Lead Acid Batteries Supplied to Individual Customers to be Valued u/s 4A of Central Excise Act: CESTAT Upholds Recovery of Interest [Read Order]

Lead Acid Batteries - Supplied to Individual - Customers to be Valued - Central Excise Act - CESTAT - Upholds Recovery of Interest - TAXSCAN

The Ahmedabad Bench of the Customs, Excise and Service Tax Appellate Tribunal (CESTAT), upheld recovery of interest and ruled that Lead Acid Batteries supplied to individual customers is to be valued under Section 4A of the Central Excise Act, 1944.

Based on the intelligence that the appellant, Gold Star Battery Pvt Ltd, was clearing their manufactured goods Viz. Lead Acid Batteries by assessing them under Section 4 of the Central Excise Act, 1944 instead of Section 4A of the Central Excise Act, 1944 despite the fact that the said goods were used as components in the automobile industry and were required to be subjected to MRP/RSP based assessment, the officers of Preventive Wing, visited the factory premises of the appellant and searched the factory premises in presence of panch witnesses.

After the investigation was completed, the appellant was issued the show cause notice wherein it was contended that the lead acid batteries cleared to the dealers are required to be assessed under Section 4 A of the Central Excise Act, 1944. Accordingly, demand of differential duty between the value under Section 4 and value under Section 4 A of the Central Excise Act, 1944 was proposed.
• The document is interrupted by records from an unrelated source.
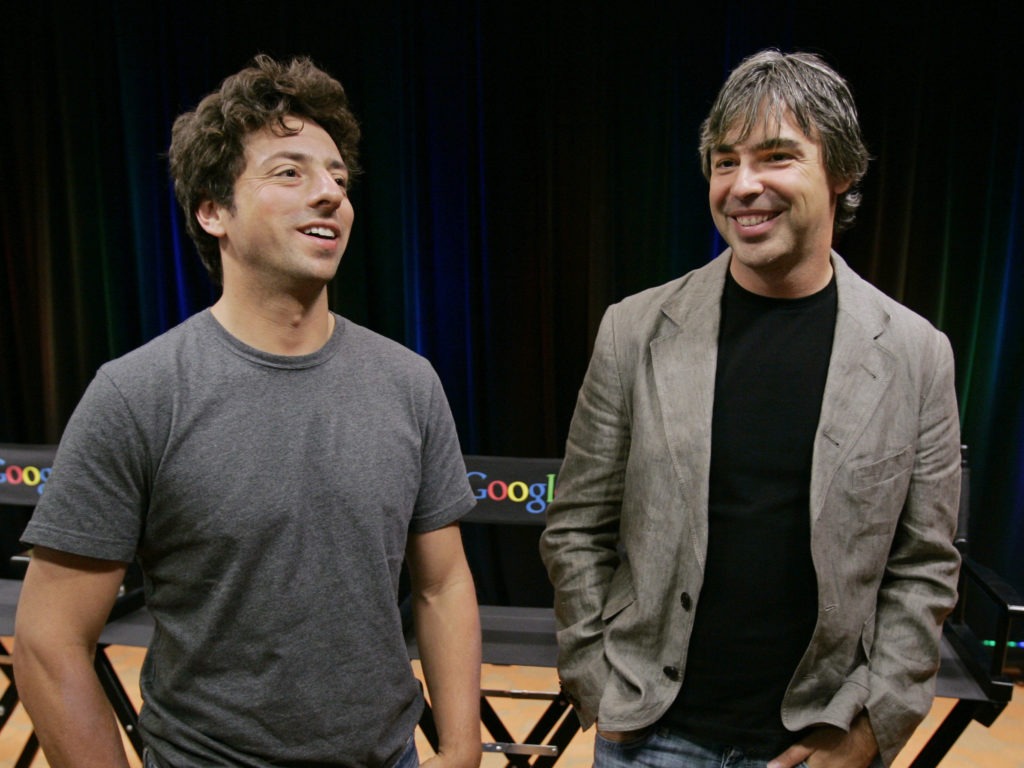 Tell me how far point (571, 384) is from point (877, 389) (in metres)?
2.22

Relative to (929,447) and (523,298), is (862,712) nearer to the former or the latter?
(929,447)

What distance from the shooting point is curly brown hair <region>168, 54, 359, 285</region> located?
3.92ft

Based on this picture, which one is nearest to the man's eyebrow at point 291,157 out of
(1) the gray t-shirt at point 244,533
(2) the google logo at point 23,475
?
(1) the gray t-shirt at point 244,533

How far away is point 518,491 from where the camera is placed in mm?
2641

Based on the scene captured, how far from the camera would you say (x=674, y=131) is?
3.22 meters

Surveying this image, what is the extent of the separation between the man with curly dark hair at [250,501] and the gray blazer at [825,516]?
1.01 feet

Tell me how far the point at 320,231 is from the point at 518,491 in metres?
1.60

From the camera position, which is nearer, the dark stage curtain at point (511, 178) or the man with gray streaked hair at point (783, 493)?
the man with gray streaked hair at point (783, 493)

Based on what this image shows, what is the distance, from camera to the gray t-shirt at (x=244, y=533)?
1044mm

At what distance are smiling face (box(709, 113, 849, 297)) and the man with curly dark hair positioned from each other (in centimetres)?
58

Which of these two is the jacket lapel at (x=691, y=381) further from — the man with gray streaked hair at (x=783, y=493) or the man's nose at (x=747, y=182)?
the man's nose at (x=747, y=182)

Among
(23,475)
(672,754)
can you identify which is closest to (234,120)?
(672,754)

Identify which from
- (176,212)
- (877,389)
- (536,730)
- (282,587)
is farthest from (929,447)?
(176,212)

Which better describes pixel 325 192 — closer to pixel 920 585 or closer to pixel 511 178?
pixel 920 585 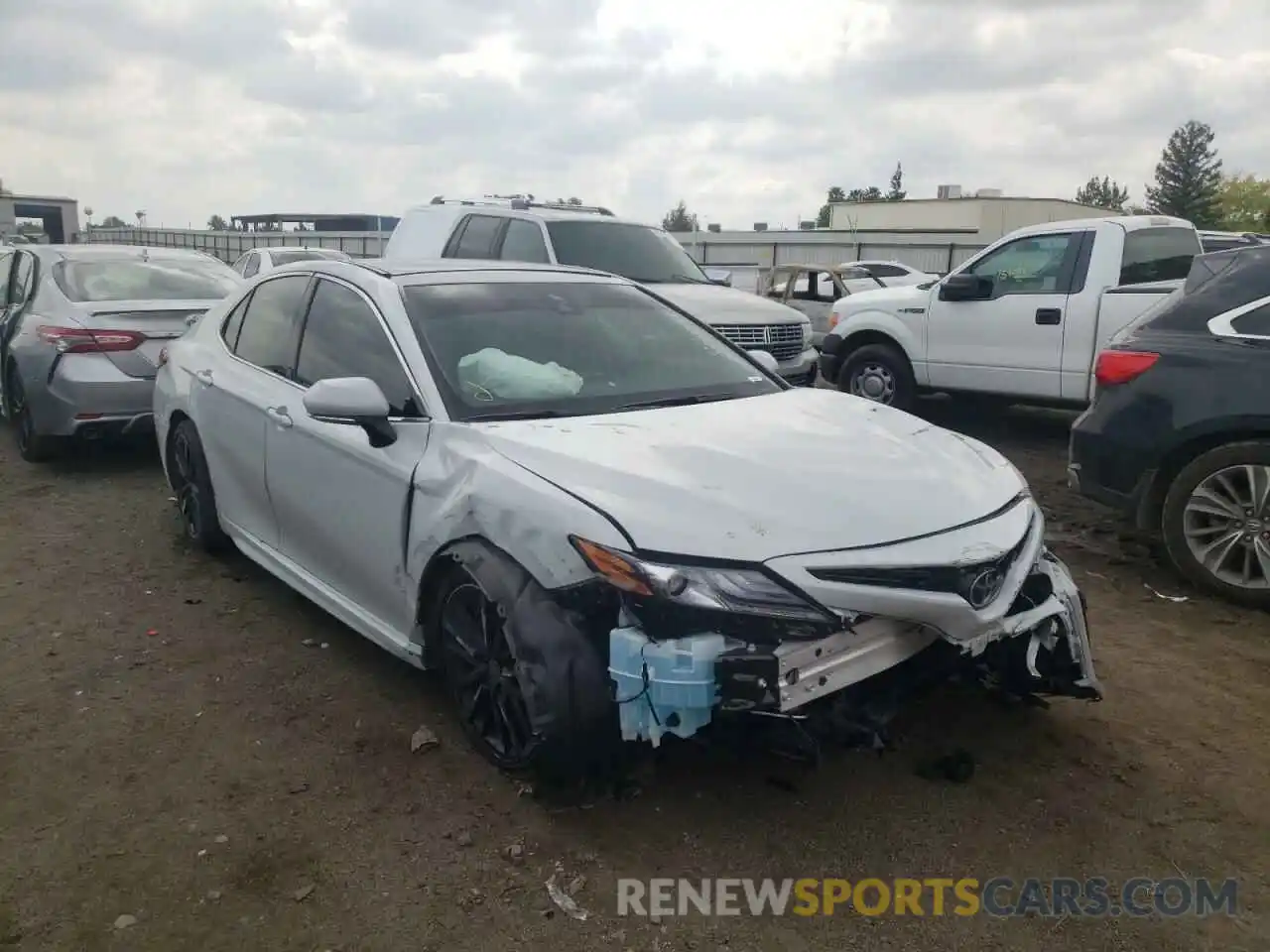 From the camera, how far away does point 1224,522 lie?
4.93 metres

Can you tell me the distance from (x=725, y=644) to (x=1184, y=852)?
58.6 inches

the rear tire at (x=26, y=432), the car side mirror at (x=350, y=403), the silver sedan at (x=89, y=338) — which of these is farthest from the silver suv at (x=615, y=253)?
the car side mirror at (x=350, y=403)

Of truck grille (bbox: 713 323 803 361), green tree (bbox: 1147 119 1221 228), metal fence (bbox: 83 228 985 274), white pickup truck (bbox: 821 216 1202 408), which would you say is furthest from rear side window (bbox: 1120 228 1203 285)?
green tree (bbox: 1147 119 1221 228)

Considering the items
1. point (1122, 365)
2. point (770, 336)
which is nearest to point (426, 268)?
point (1122, 365)

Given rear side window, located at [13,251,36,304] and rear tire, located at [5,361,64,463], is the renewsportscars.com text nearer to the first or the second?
rear tire, located at [5,361,64,463]

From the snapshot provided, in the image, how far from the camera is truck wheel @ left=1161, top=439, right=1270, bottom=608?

Paresh Sheth, Counsel appearing on behalf of the appellant submitted that the appellant has been valuing their Lead Acid Batteries supplied to individual customers under Section 4 A of the Central Excise Act, 1944 whereas in case of supplies made to the dealer, they value the batteries under Section 4 of the Central Excise Act, 1944 for the reason that the batteries supplied by the appellant to dealers are not ready to use as at the dealer stage the batteries are required to be charged by adding acid into batteries.

The Counsel further contended that this activity amounts to manufacture according to which adoption of any treatment on the goods to render the product marketable to the consumer is activity amounts to manufacture of goods. Therefore, the batteries cleared by the appellant was subjected to other manufacture, hence, the valuation was correctly denied under Section 4 of the Central Excise Act, 1944 and not under Section 4A of the Central Excise Act, 1944.

A Two-Member Bench of the Tribunal comprising observed that “there is no difference in the nature of the clearance made to individual customer wherein the valuation was admittedly done by the appellant under Section 4 A and the nature of clearance made to the dealers. Therefore, the clearance made to dealers is also to be valued under Section 4 A of Central Excise Act, 1944.”